Archaeology by definition is the study of ancient artifacts that give rise to information about past societies. Such artifacts may exist as buildings, locomotive devices, or even the skeletons of former living creatures. Archaeology is the physical backbone of history, answering many old questions and causing those in the field to ask even more. Women in archaeology have played an important role throughout history, assisting on and leading many important discoveries. One challenge faced by women is a physical disadvantage.


While some women are in much better shape than most men, generally speaking, male human beings tend to be physically stronger and larger in nature. This can be an advantage in archaeology as the digging and use of equipment require a great deal of strength, size, and endurance. While machines may do much of the large debris removal needed in archaeology, most of the fine dirt and sediment need be removed with fine tools or even by hand. This takes repetitive action, which can certainly cause fatigue in a weak hand, for example.

The political difficulties facing professional women largely depend on which area they are building their career in. The laborious nature of archaeology has given this field a more masculine undertone than it perhaps deserves. There are many successful female archaeologists who have either intentionally or unintentionally worked to rid this discipline of such an inaccurate and presumptuous tag.
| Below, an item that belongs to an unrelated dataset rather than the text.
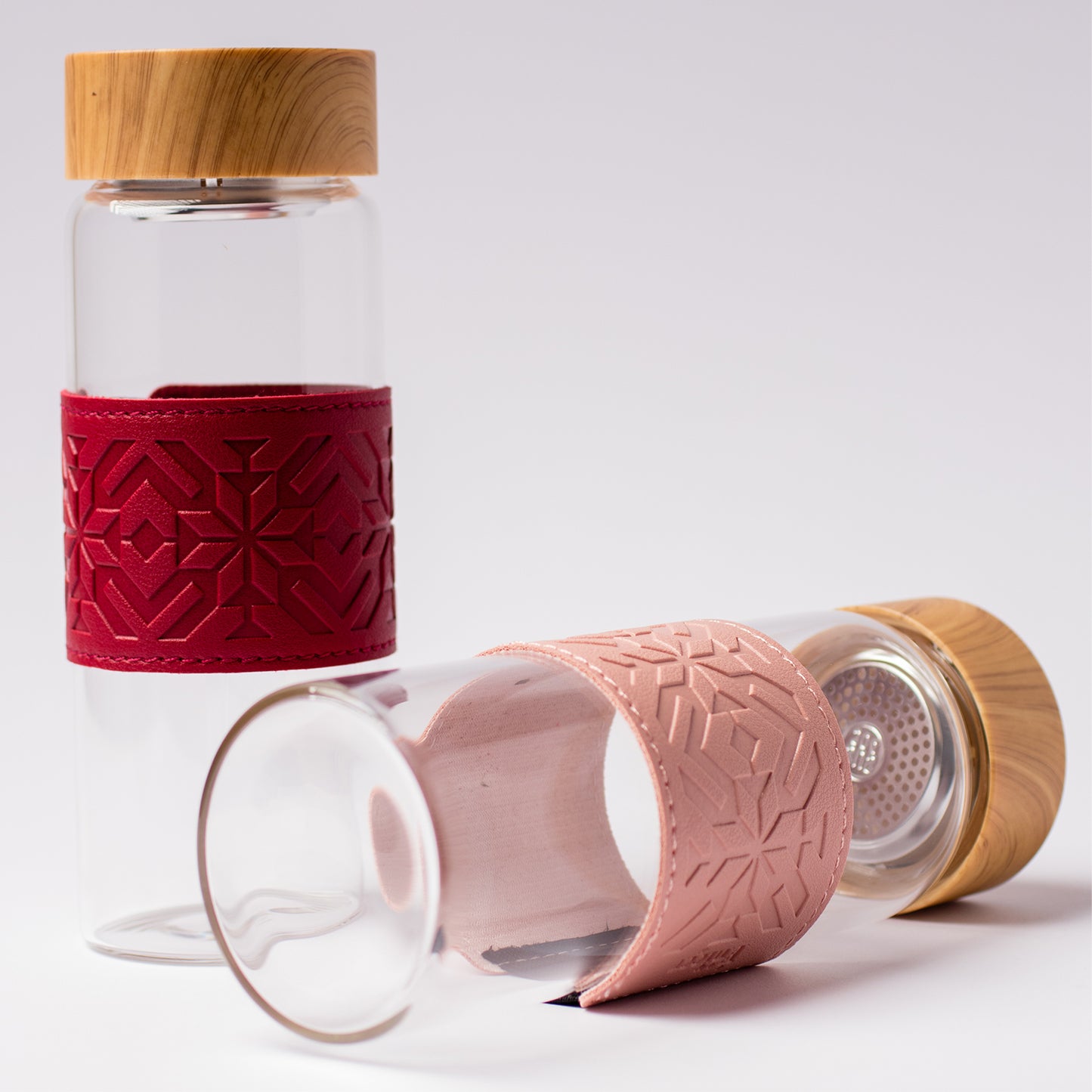 Sadu Glass Water Bottle Maroon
Any woman who hopes to break into the exciting field of archaeology should not be intimidated but rather go forth courageously hoping to overcome these typical challenges. Women in archaeology are very important to the continual advancement and future of the field and should therefore be encouraged rather than discouraged. Hopefully, their continued success will allow the field of archaeology to bring forth more and more exciting discoveries for centuries to come.